Phillip Jacob Runser (30 Jun 1845 - 22 Mar 1921), a maternal second great-grandfather, was born in Hégenheim, in the Alsace region of France--just a landslide away from the Swiss border--where Runsers can still be found. He was the seventh of eight children, and was named after his father.
(I would be fascinated to know how Phillip and Clara, as she was known, met, as her family worked primarily as sailors and such along the Great Lakes, while the Runsers were farmers in central Wisconsin. I do not know where she was living in 1870, as I cannot locate her on the U S Census for that year. The Wilber family, with whom she was living in 1860, was still in Erie, Ohio, but Clara was no longer living there. Did she go to Wisconsin? If so, why? I have no indication that Phillip or any of the relevant Runsers visited Ohio.)
Anyway. Black River Falls, home to numerous Runsers and their relations, is the subject of both a book (by Michael Lesy, 1973) and documentary film (by James March, 2000) entitled Wisconsin Death Trip. Both works feature extremely disturbing stories, and photographs taken in Black River Falls during the late 1800s by Charles Van Schaick.

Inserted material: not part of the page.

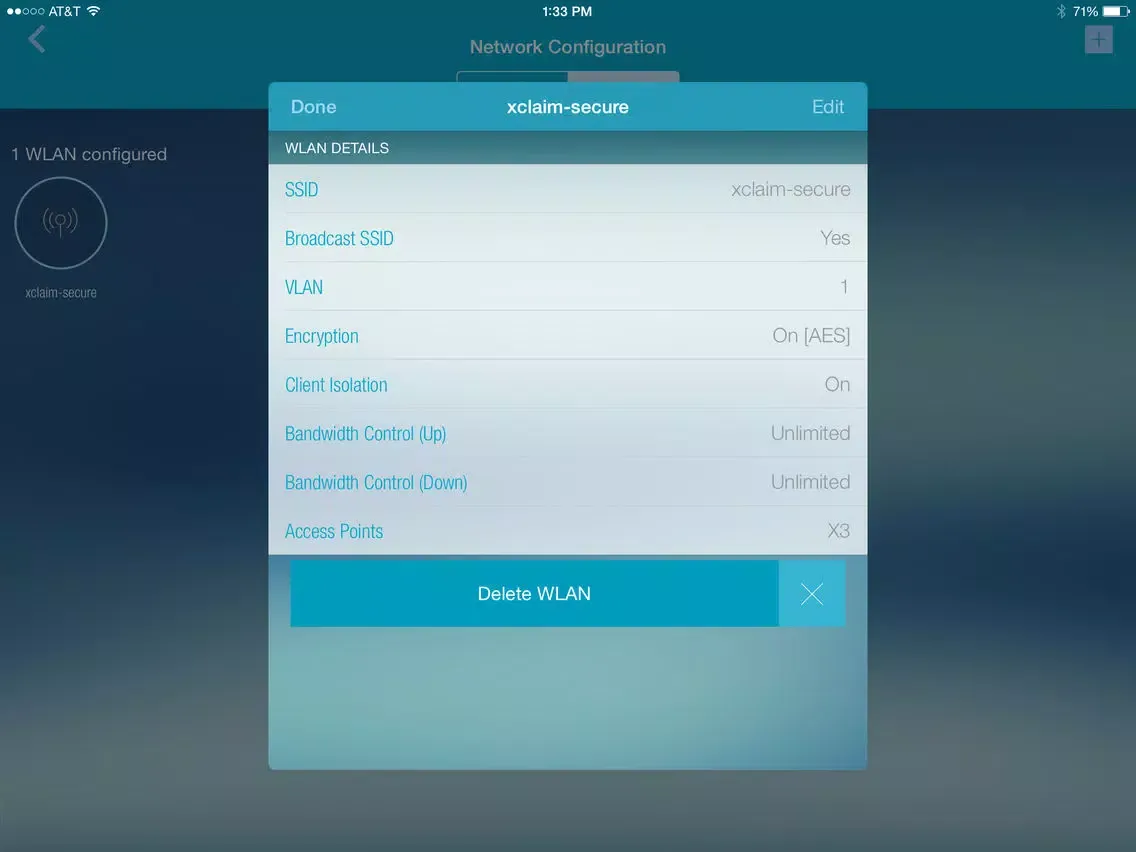 Ruckus - Harmony for Xclaim iPad  スクリーンショット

The film is highly recommended as a look at what our ancestors endured. It is no wonder that within a few years the newly-married Runsers moved to the Dakota Territory, settling in Redfield, Spink County sometime around its formation in 1879.
|Black River Falls a few years after the Runsers left.|
Photo by Charles Van Schaick, courtesy of the Wisconsin Historical Society.
The Runsers acquired more acreage, and with it, apparently, some financial success. The first school in Spink County was built on one acre of land on the NE corner of NW 1/4 Section 25, Twp.117, Range 64, donated by P J Runser, Sr. Perhaps this altruistic gesture served as the catalyst for the love of learning that runs through our family, and led to many of P J Runser's descendants becoming educators. Several of his grandchildren attended the school, which stood in the same location for over fifty years. It was later moved (a new school built in its place), and used as a meeting hall for the Farmer's Union, then finally torn down in 1975.
In 1888, Phillip co-founded a company, the Redfield Elevator Company, for "Buying, selling and shipping grain and farm products."
|Notice of incorporation of the Redfield Elevator Company,|
from the Bismarck [North Dakota] Daily Tribune, 9 Dec 1888.
His entire adult life was spent in farming, so perhaps it is not surprising that a few years later Phillip invented a gizmo to be used on farm equipment. His "Speed-Changing Device and Indicator" was patented on 8 Feb 1898 as U S Patent number 598,817.
|Page one of a three-page explanation of the device.|
|Note the engraving of PJR's signature in the lower right.|
In a previous post, I had quoted from a distant relation who bemoaned the detailed pedigrees of livestock, in lieu of focusing on human lineage. At the time, I imagined he was hyperbolizing, but researching Phillip, I discovered that these animal genealogies actually exist. In my second great-grandfather's case, I was able to find his name in several hefty tomes with titles like The American Oxford Down Record, Vol 5 (1892, page 391) as the owner of what were apparently several prized animals, including American Oxford and Vermont Merino sheep, and American Poland-China hogs. From 1901:
Like his father, Phillip also had eight children, including a son who became the third Philip Jacob Runser (26 Oct 1884 - 10 Nov 1984). Strictly speaking, he was not the third, as his grandfather went by Phillipe, and his father by Phillip, seemingly losing a letter with each generation; however, we will not let orthography get in the way of sentiment. At any rate, as of 2010, there was still a Philip (or perhaps, by this point, just Phil) J Runser--the sixth--living in Foxboro, Wisconsin.
A few years later, Phillip and Clara, after living for a short time in Minnesota, finally returned to Wisconsin, this time to Douglas County. As late as 1910, aged sixty-five, Phillip Jacob Runser's occupation on the U S Federal Census was still listed as "Farmer." He died in 1921, just a year after his wife; his children Kitty, Joseph, and Philip and their families living on adjoining farms.